Under these conditions the best way to fight fire is with fire. We need a
coordinated campaign to oppose every cut and every job loss. We can’t afford
the bosses crisis. It’s of their making not ours. The leaders of the Trade
unions are correct to campaign against wage cuts and it’s important to raise
the threat of strike action as Jack O’Connor has done. But the campaign has to
be taken to every workplace and every branch, already we’ve seen the (12 hour)
occupation of the Swissco factory and it’s likely that we could see a whole
series of defensive struggles over the next months.
We must have the full support of the Trade Union leadership for every struggle
and have to demand the full support of the Labour TDs in the Dáil.
• Make the bosses pay for the crisis
• Not a second on the day, not a cent off the pay
• No wage cuts, No redundancies
• Nationalisation of any company announcing redundancies under Democratic
workers control and management
Here is the recent SIPTU press release putting the position of the union
leaders:
SIPTU President says Government can only resolve economic crisis with all
sectors of society contributing their fair share
Date Released: 10 Jan 2009
Responding to remarks attributed to the Minister for Finance, Brian Lenihan in
this morning’s Irish Independent, implying pay cuts in the public sector by the
end of this month, SIPTU General President Jack O’Connor, who is also Joint
Vice President of the Irish Congress of Trade Unions said that, “The scale of
the figures presented by the Department of Finance yesterday are truly
horrendous and they have enormous implications for our society and our economy.

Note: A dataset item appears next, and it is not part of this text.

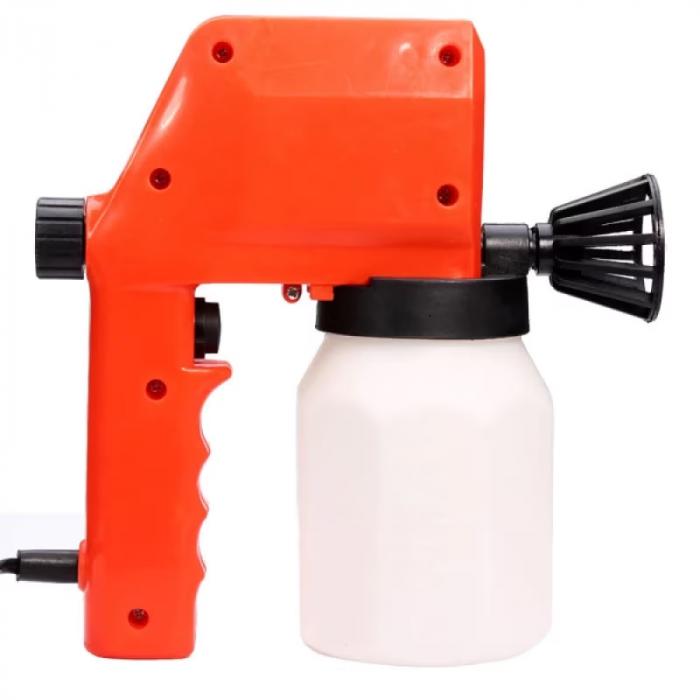 Pistol electric de vopsit Kumas,600 ml, portocaliu [3]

They are a consequence of the reckless agenda pursued by the PDs and the right
wing of Fianna Fail between 2002 and 2007, during which our tax base was
dismantled in the interests of the well off, capital taxation was all but
abolished and top tax rates were reduced to a degree unparalleled in any
developed western European country. All of this was camouflaged by the credit
led property bubble it generated, which has now exploded against a background
of an international depression, to the detriment of everyone in Ireland. It
will require an unprecedented national effort, to which all sectors of society
must contribute, to stabilise the economy over the next five to seven years.
“But the remarks attributed to the Minister suggest that he intends what we in
SIPTU feared all along, i.e., trying to solve the problem at the expense of
working people and the less well off in society. We believe that the unilateral
imposition of cuts in rates of pay will meet with stout resistance from trade
union members generally. If the Government sets about it in that way we in
SIPTU, and I believe everyone else in the trade union movement as well, will do
everything we possibly can to mobilise such resistance. The only way to
successfully tackle the issues confronting us with any prospect of success is
on the basis of all sectors of society contributing, and with those best able
to do so, contributing the most.
“Equally, just as we have a responsibility to mobilise as much resistance as we
possibly can against attempts to tackle the crisis at the expense of workers
and the less well-off, we believe we also have a responsibility to provide
leadership in circumstances where other sectors of society declare their
willingness to contribute on a scale which reflects their capacity to do so. In
such circumstances we in SIPTU are fully prepared to discharge our
responsibilities and we believe that everybody in the trade union movement will
be prepared to do so as well. The choice rests with the Government.”